2. To Make Us Act as If We Are Judge, Not God

Satan aims to make us act as if we were judge and not God. Romans 12:19 says, "Do not avenge yourselves, beloved, but give place to wrath, for it is written: Vengeance is mine, I will repay, says the Lord. No, if your enemy is hungry feed him." If we hold a grudge, we act as though God were not a just judge. We act as though we are the moral guardians of the world and if we don't hold this wrong against this person, it's going to slip away into oblivion and a great injustice will go unrequited. But this is sheer unbelief. Vengeance belongs to God. He will repay. It is his business not ours. So again holding a grudge puts us in the place of God—just where Satan wants us.

3. To Make the Cross of Christ Look Weak and Foolish

Satan aims to make the cross of Christ look weak and foolish. Notice Ephesians 4:32–5:2. "Be kind to one another, tenderhearted, forgiving one another, as God in Christ forgave you. Therefore be imitators of God as beloved children. And walk in love as Christ loved us and gave himself up for us." The power that frees us from holding grudges is that in the cross of Christ God satisfied his grudge against us and dropped it. So Paul says, forgive as God in Christ forgave you. When we hold a grudge, we cancel out the cross. We act as though God did a foolish thing on the cross, since he dropped his infinite grudge against us, but we are going to hold on to our little grudge against so and so. And thus Satan brings the cross of Christ into contempt.

4. To Cultivate Disunity in the Body of Christ

Satan aims to cultivate disunity in the body of Christ so that the grand evidence for Christ's divine reality is shattered. Proverbs 15:18 says, "A hot-tempered man stirs up strife, but he who is slow to anger quiets contention." Short tempers and long grudges breed strife and disunity in the church. But in John 17:23 Jesus said that unity in the church is a great evidence to the world of his reality. So if Satan can preserve and deepen grudges among God's people, he will have achieved a great goal—the hiding of Christ's reality from the world.
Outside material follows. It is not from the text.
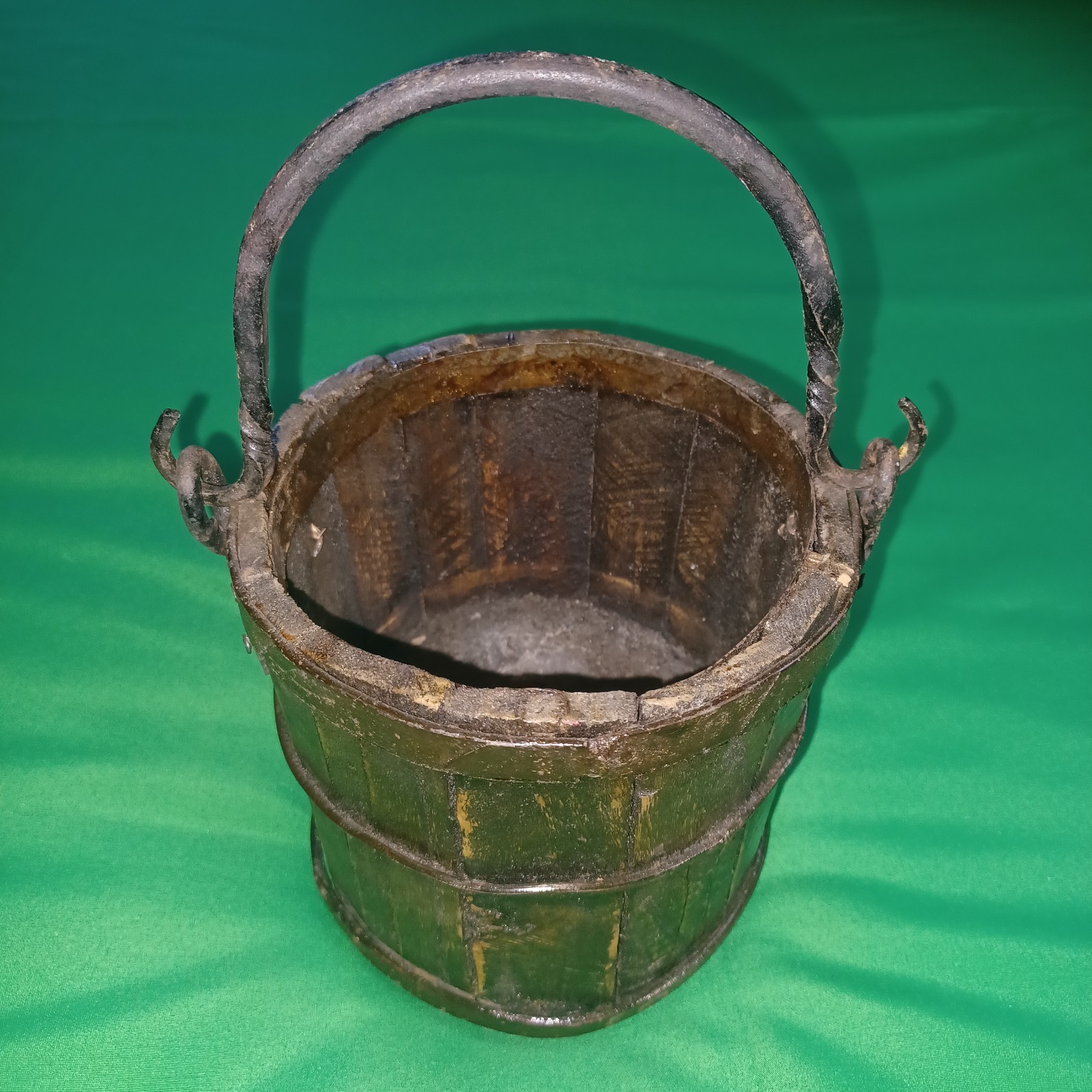 5″ Antique Wood & Metal Berry Pail Rare Early With Iron Handle Hand Made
5. To Crush Broken Christians into Depression

Satan aims to crush broken Christians until they are depressed into uselessness. Paul tells about an instance of church discipline at Corinth in which the offending party repented. Paul counsels in 2 Corinthians 2:7, "So you should turn to forgive and comfort him, or he may be overwhelmed by excessive sorrow. So I beg you reaffirm your love for him." The burdens of life are so great at times that someone's grudge against us can be the straw that breaks the camel's back. You can destroy a person by holding a grudge against them—the very work of Satan from the time of Cain and Abel.

6. To Help You Destroy Yourself

Finally, by holding a grudge Satan will help you destroy yourself. Satan always throws away his tools in the end. He promises the moon and delivers misery. When the unforgiving servant was thrown into jail, Jesus said to his disciples, "So also my heavenly Father will do to you, if you do not forgive your brother from your heart."
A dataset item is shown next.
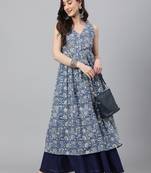 Blue printed cotton ethnic-kurtis
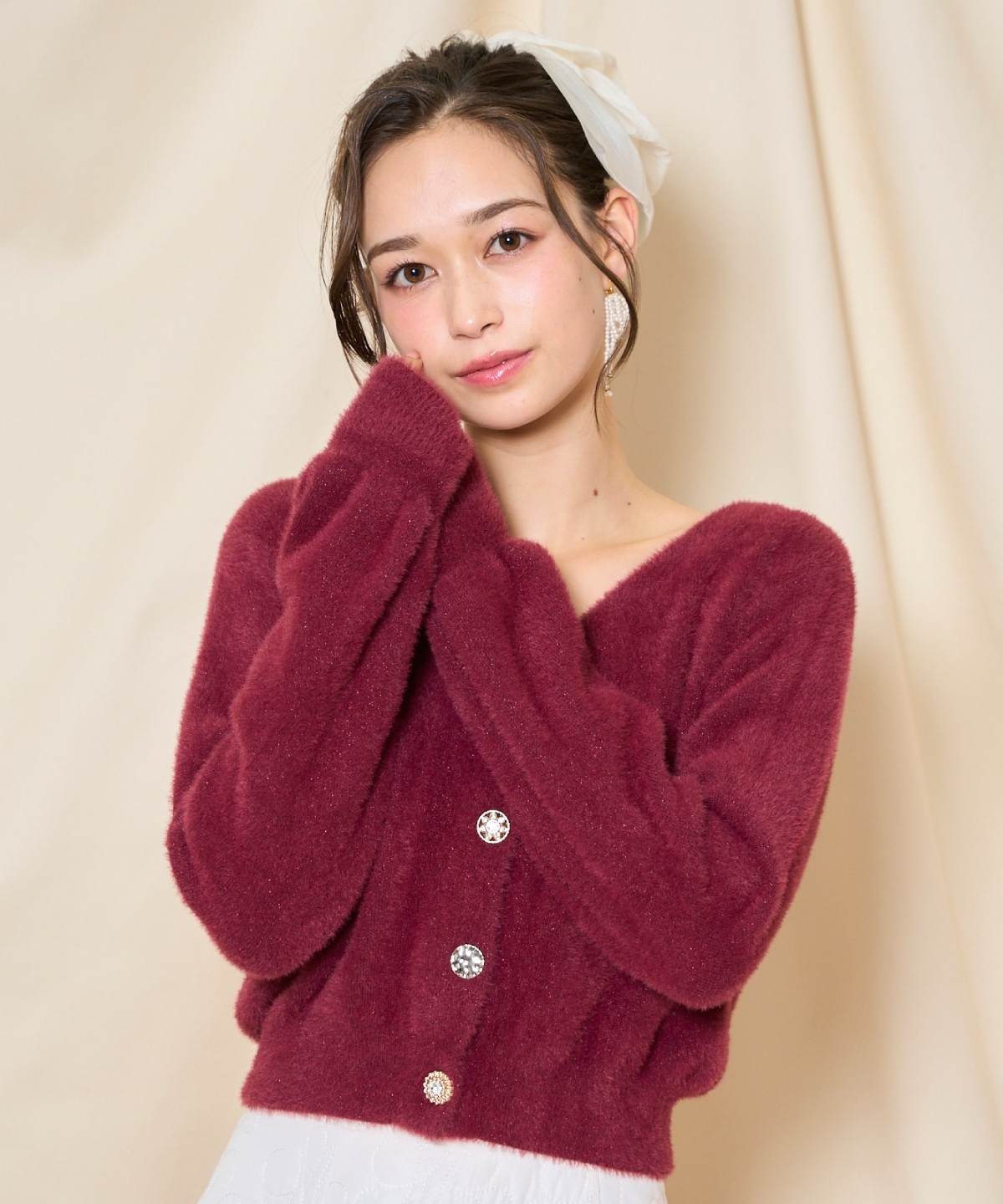 【再入荷予約受付中】アソートボタンラメフェザーカーディガン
Forgive from Your Heart—Put On the New Nature

Which brings us back to where we started—"from your heart," from your new nature, the purified spring, the good tree. The only way to get victory over anger is to put off the old nature corrupted by desires of deceit—Satan's deceit, and to put on the new nature, by acting according to the truth:

  1. the truth that none of us is so exalted that we can justify holding a grudge,
  2. the truth that vengeance belongs to God, he will settle all accounts;
  3. the truth that the cross of Christ is the wisdom and power of God, not foolishness;
  4. the truth that the unity of the church is precious beyond words;
  5. and the truth that it is possible by holding a grudge to commit spiritual murder and suicide simultaneously.

The Son of God came into the world to destroy the works of the devil. Let's resist the devil this Christmas with all the power of God by putting on the new nature Christ came to create.